FIG. 2 shows a camera image sensor 104 being part of a biometric recognition system 110 according to an embodiment implemented in e.g. the smart phone 101 of FIG. 1. The system will be referred to as an iris recognition system but may alternatively be used to recognize face-or periocular features of an individual. The iris recognition system 110 comprises the image sensor 104 and a processing unit 105, such as one or more microprocessors, for controlling the image sensor 104 and for analysing captured images of one or both of the eyes 102 of the user 100. The iris recognition system 110 further comprises a memory 106. The iris recognition system 110 in turn, typically, forms part of the smart phone 100 as exemplified in FIG. 1.

The camera 103 will capture an image of the user's eye 102 resulting in a representation of the eye being created by the image sensor 104 in order to have the processing unit 105 determine whether the iris data extracted by the processing unit 105 from image sensor data corresponds to the iris of an authorised user or not by comparing the iris image to one or more authorised previously enrolled iris templates pre-stored in the memory 106.

With reference again to FIG. 2, the steps of the method performed by the iris recognition system 110 are in practice performed by the processing unit 105 embodied in the form of one or more microprocessors arranged to execute a computer program 107 downloaded to the storage medium 106 associated with the microprocessor, such as a RAM, a Flash memory or a hard disk drive. Alternatively, the computer program is included in the memory (being for instance a NOR flash) during manufacturing. The processing unit 105 is arranged to cause the iris recognition system 110 to carry out the method according to embodiments when the appropriate computer program 107 comprising computer-executable instructions is downloaded to the storage medium 106 and executed by the processing unit 105. The storage medium 106 may also be a computer program product comprising the computer program 107. Alternatively, the computer program 107 may be transferred to the storage medium 106 by means of a suitable computer program product, such as a Digital Versatile Disc (DVD) or a memory stick. As a further alternative, the computer program 107 may be downloaded to the storage medium 106 over a network. The processing unit 105 may alternatively be embodied in the form of a digital signal processor (DSP), an application specific integrated circuit (ASIC), a field-programmable gate array (FPGA), a complex programmable logic device (CPLD), etc.

Now, with reference to FIG. 3a, in an example it is assumed that unpolarized light 120 is being emitted e.g. by light-emitting elements 108 of a screen of the smart phone 101 or by a camera flash travelling in a path from the smart phone 101 to the eye 102 of the user and back to an image sensor of the camera 103.

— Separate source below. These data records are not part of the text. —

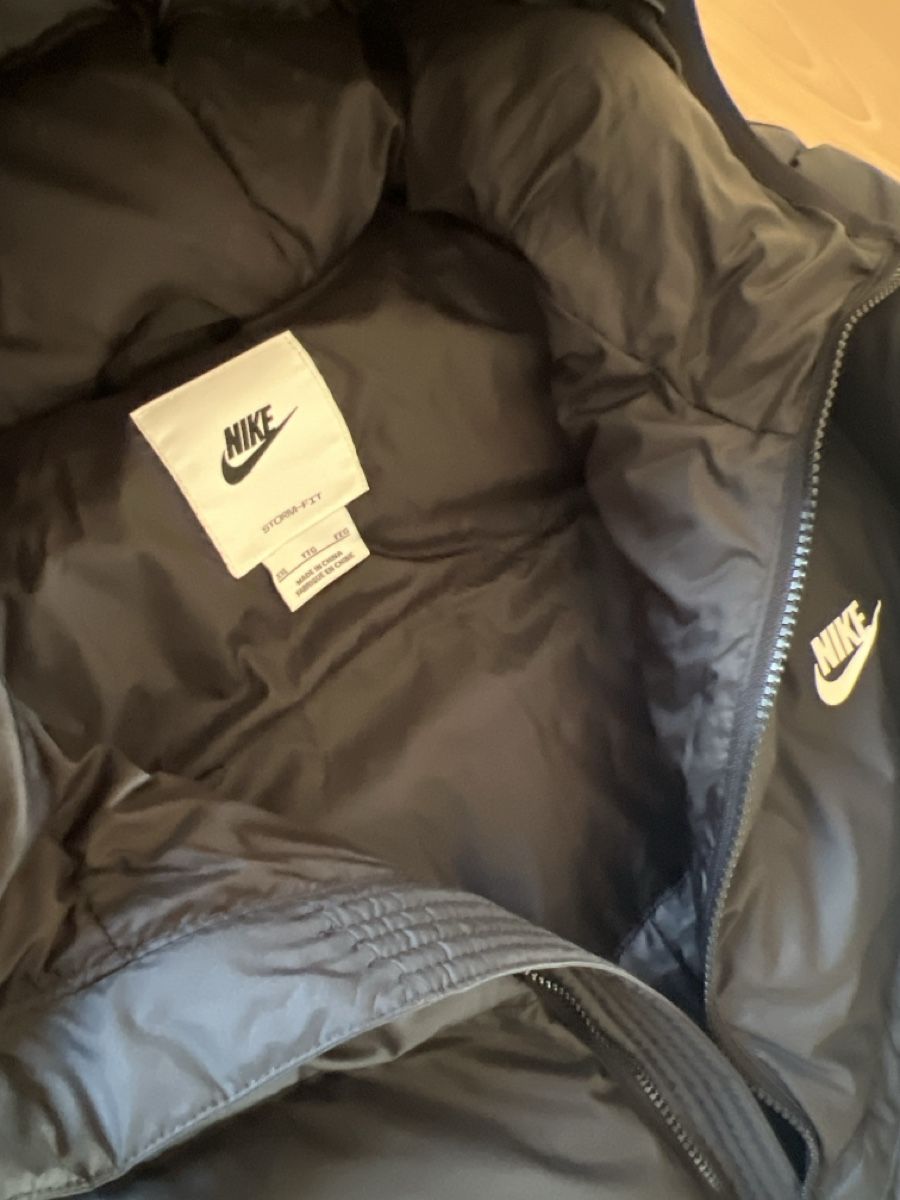 Cappotti: Nike Mantel XXL  – Usato da Wintersingen venduto da MIGG-6 1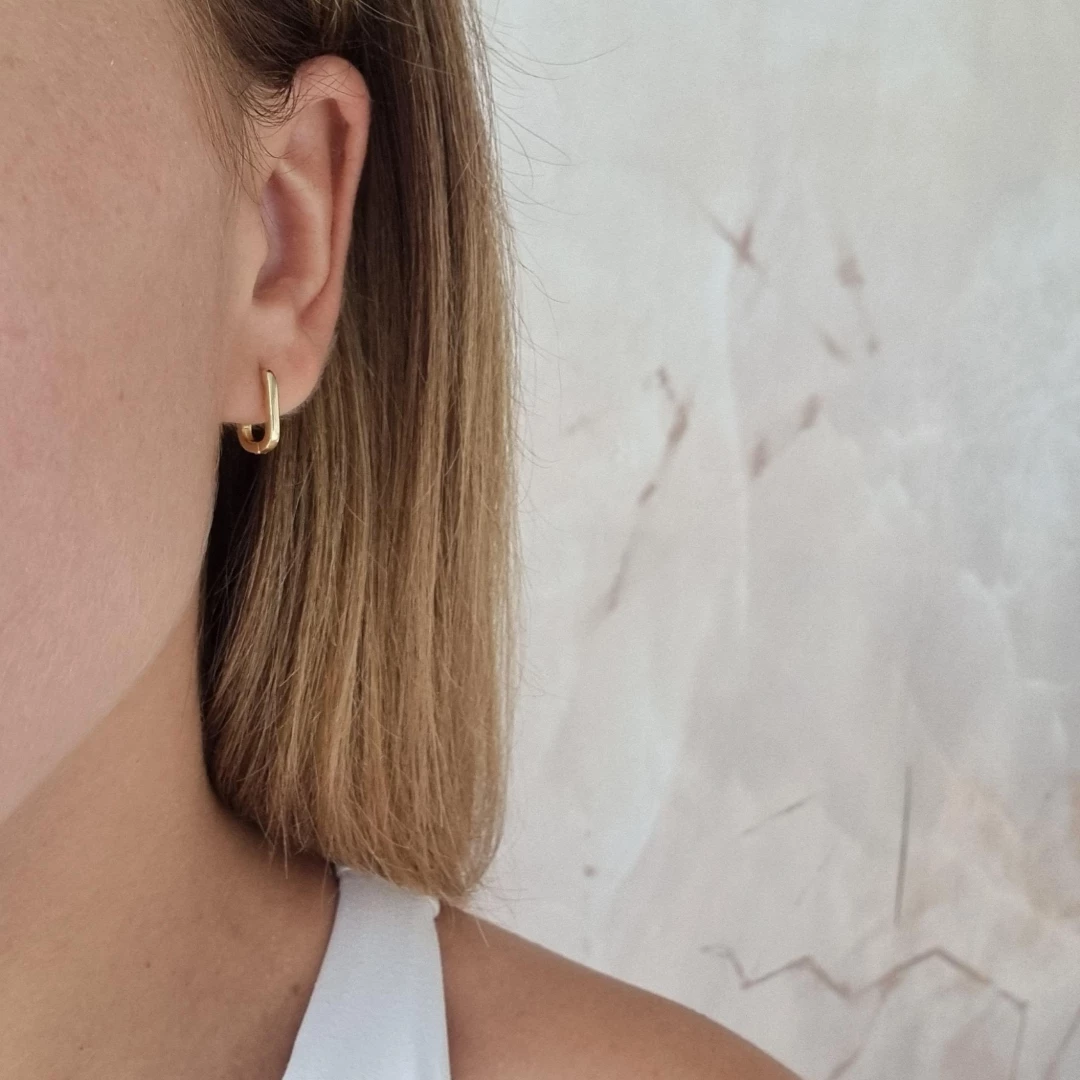 Stříbrné náušnice Mercedes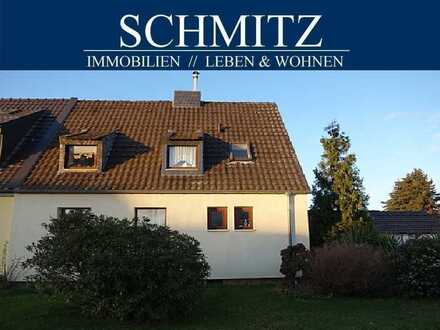 Krefeld - Elfrath / 1-2 Familien-Haus mit Doppelgarage in ruhiger Wohnlage. Erbpachtgrundstück.
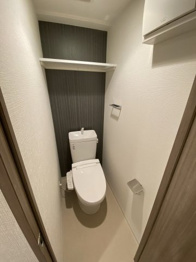 温水洗浄便座付きのトイレです♪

In FIG. 3b, it is assumed that the emitted light 120 travelling in a path from the smart phone 101 to the eye 102 of the user and back to the image sensor of the camera 103 is polarized. In this particular example, the polarization of the light 120 is caused by a first polarizing filter 109 arranged at the light-emitting elements 108, for instance being implemented in the form of a polarizing film attached to the screen of the smart phone 101. Further in FIG. 3b, a second polarizing filter 111 is arranged at the camera 103, for instance being implemented in the form of a polarizing film attached to a lens of the camera 103.

Thus, the camera 103 must be polarization-sensitive in order to be able to perceive the polarized light 120 being reflected against the eye 102 and impinging on the image sensor of the camera 103.

In practice, the image sensor 104 of FIG. 2 may be a polarization image sensor where pixel responses vary according to polarization characteristics of the light impinging on the sensor. In other words, an image sensor which is intrinsically selective to polarization by means of a polarizer (i.e. equivalent to the second filter 111 being arranged inside the camera 103 at the image sensor 104) may advantageously be utilized. However, for illustrative purposes, a separate polarization filter 111 is used, which also may be envisaged in a practical implementation as a less expensive alternative to the polarization image sensor. As will be discussed below, it may be envisaged that the camera is equipped with dual image sensors.

Now, a human cornea—i.e. the outer membrane in front of the iris—exhibits birefringent properties that are apparent in a captured image when the iris is illuminated with polarized light and the image is captured with a polarization-sensitive camera 103.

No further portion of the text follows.